Et ça, ça implique que chacune se donne le pouvoir de soulever tout commentaire sexiste, même ceux qui n’ont pas trait à notre personne, mais qui concernent l’organisation d’un projet, d’une politique, d’une programmation… Ça veut dire montrer du doigt, pour que tout le monde voie, telle injustice, ou encore prévenir telle conséquence que telle action aura sur les femmes. Ça veut dire de ne pas avoir peur d’indiquer à un collègue que son cours est organisé autour des réalités masculines, historiquement dominantes; de lui rappeler que la domination historique n’est pas inévitable: l’histoire est sans cesse soumise à la réécriture. En d’autres mots: ça implique de dire à voix haute ce qui, jusqu’à maintenant, se disait tout bas, entre femmes seulement. Il n’enseigne que le cinéma, la littérature, la dramaturgie ou la peinture des hommes; il m’a coupé la parole et a fait comme si je n’avais rien dit; il a rejeté du revers de la main la proposition de conférencière que je lui ai soumise.
Sujets légitimes
Les femmes sont des sujets légitimes. Elles ont le droit de parler et de dire ce qui ne fait pas leur affaire: qu’il n’y a que des hommes à la direction de l’entreprise, que le C.A. est composé d’une majorité d’hommes, que tel colloque n’accorde pas suffisamment de place aux femmes, que le travail accompli par cette femme est complètement passé sous silence. Il est vrai que, lorsque les femmes sont minoritaires dans un milieu, il est plus facile de ne pas les écouter, de faire comme si on ne les avait pas entendues, de les faire taire… Mais désormais, même les femmes en minorité, travaillant dans des milieux masculins, devraient savoir qu’elles sont appuyées par des milliers d’autres femmes — qui dénoncent, qui rappellent, qui insistent, qui revendiquent. Elles sont de plus en plus nombreuses celles qui, au cours des cinquante dernières années, ont été sensibilisées aux injustices qui leur sont faites. Et ils sont de plus en plus nombreux, heureusement, à être sensibilisés aussi; en tout cas, aucun ne peut nier, aujourd’hui, avoir entendu les femmes crier — même sur les réseaux sociaux — durant la dernière décennie.

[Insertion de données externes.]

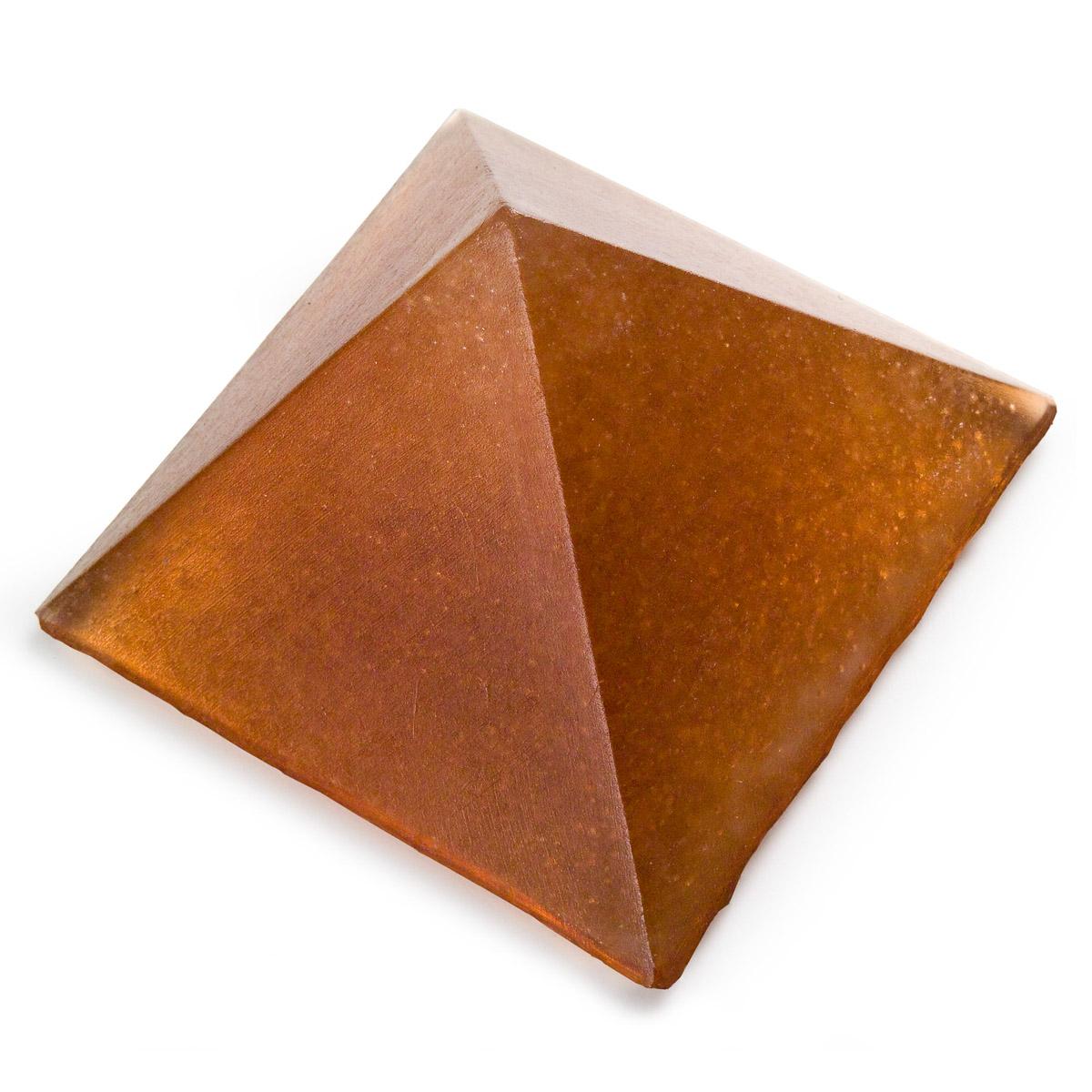 Pyramid Casting Mold, 6.7 in. (17 cm)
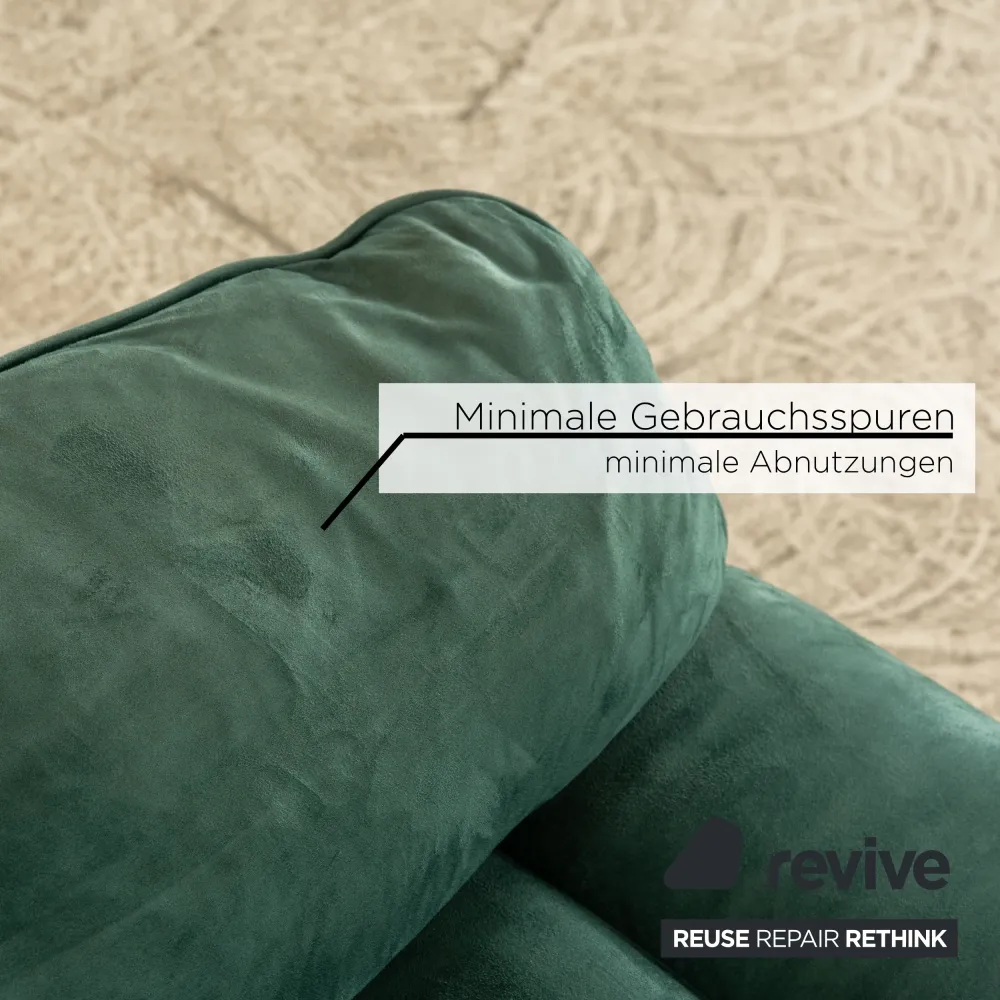 Laauser Motion Stoff Sessel Türkis Grün manuelle Funktion Relaxfunktion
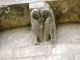 Modillon , oiseau sculptés église romane St Pierre 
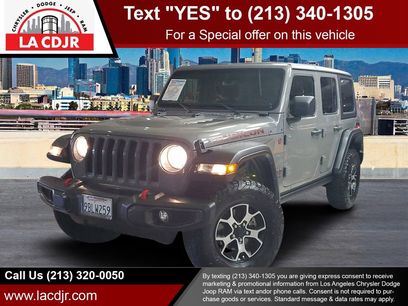 Used 2022 Jeep Wrangler Unlimited Rubicon
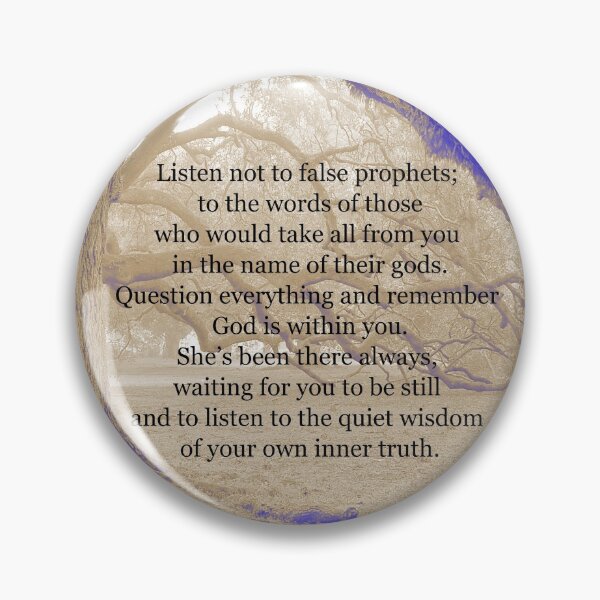 Item preview, Wisdom of the Trees designed and sold by Loveday Funck.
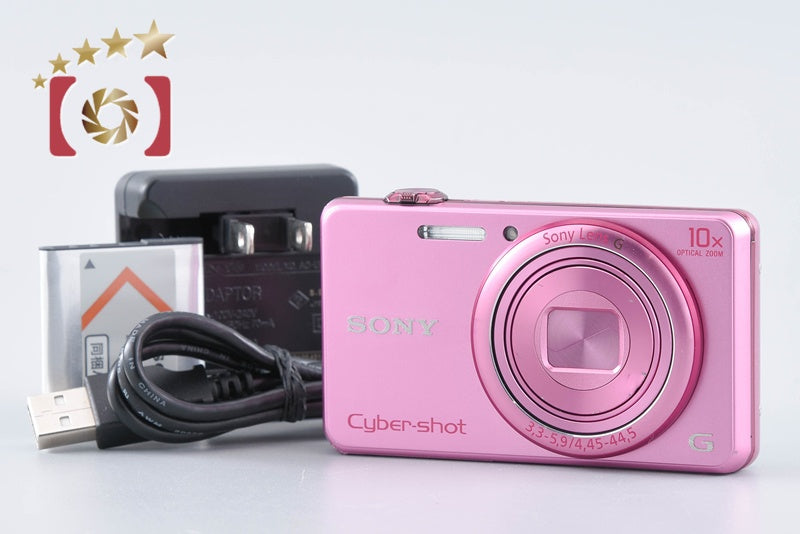 【中古】SONY ソニー Cyber-shot DSC-WX200 ピンク デジタルスチルカメラ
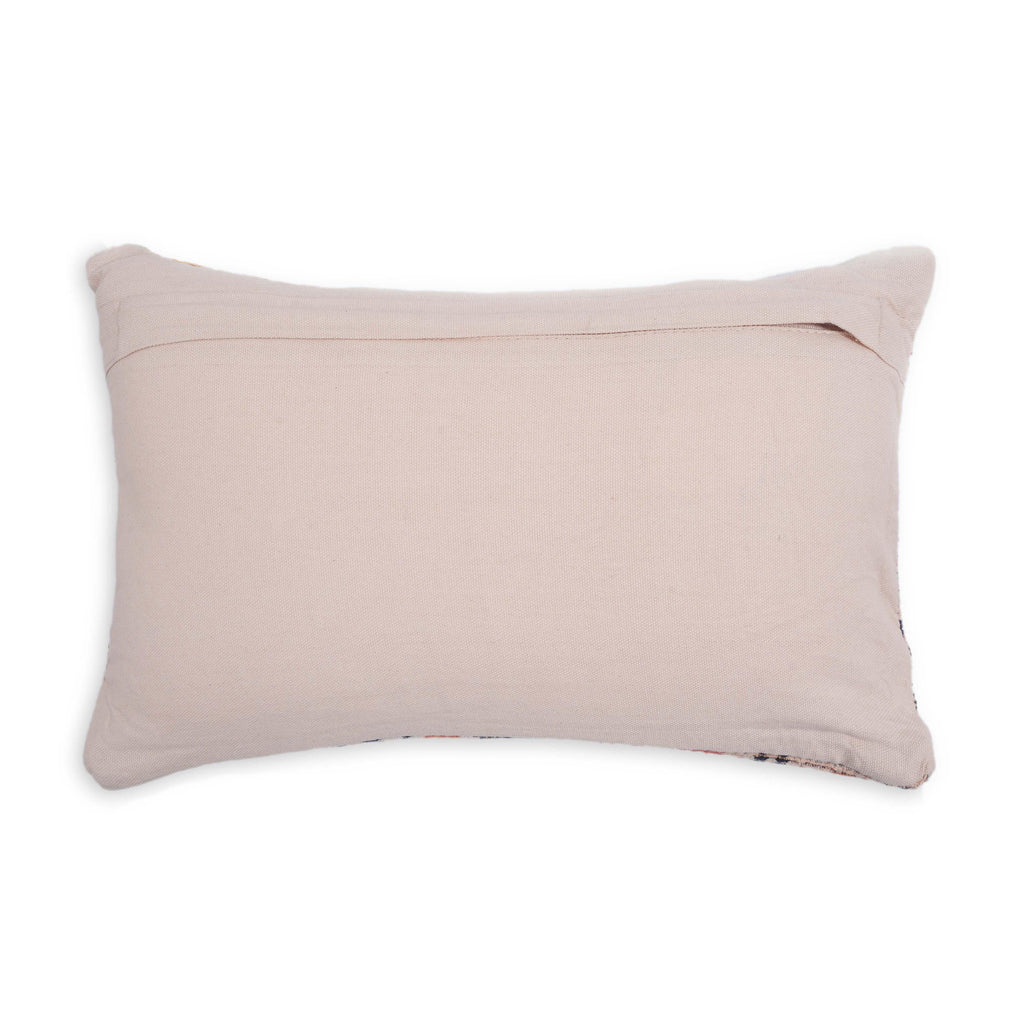 Chutzpah 15"X9" Jacquard Woven Throw Pillow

La domination masculine s’exerce à travers le harcèlement et les agressions sexuelles, mais pas seulement là. Elle structure aussi nos environnements. Et cette nouvelle force des femmes, acquise à travers #MeToo, devrait pouvoir autoriser chacune de nous à réclamer ce à quoi nous avons droit: des espaces exempts de sexisme, et ce, pour toutes les femmes, pas seulement les actrices, et pas seulement les plus célèbres, celles qui ont une voix publique. Les femmes ont tout autant que les hommes le droit de circuler librement, de travailler, de parler, de penser, et d’agir dans ces environnements, qui leur appartiennent autant qu’aux hommes.
On souhaite que chacune, dans son milieu de travail, amical ou familial, se sente appuyée pour lever le doigt et attirer l’attention sur telle configuration sexiste. Car désormais, nous savons que nous ne sommes pas seules.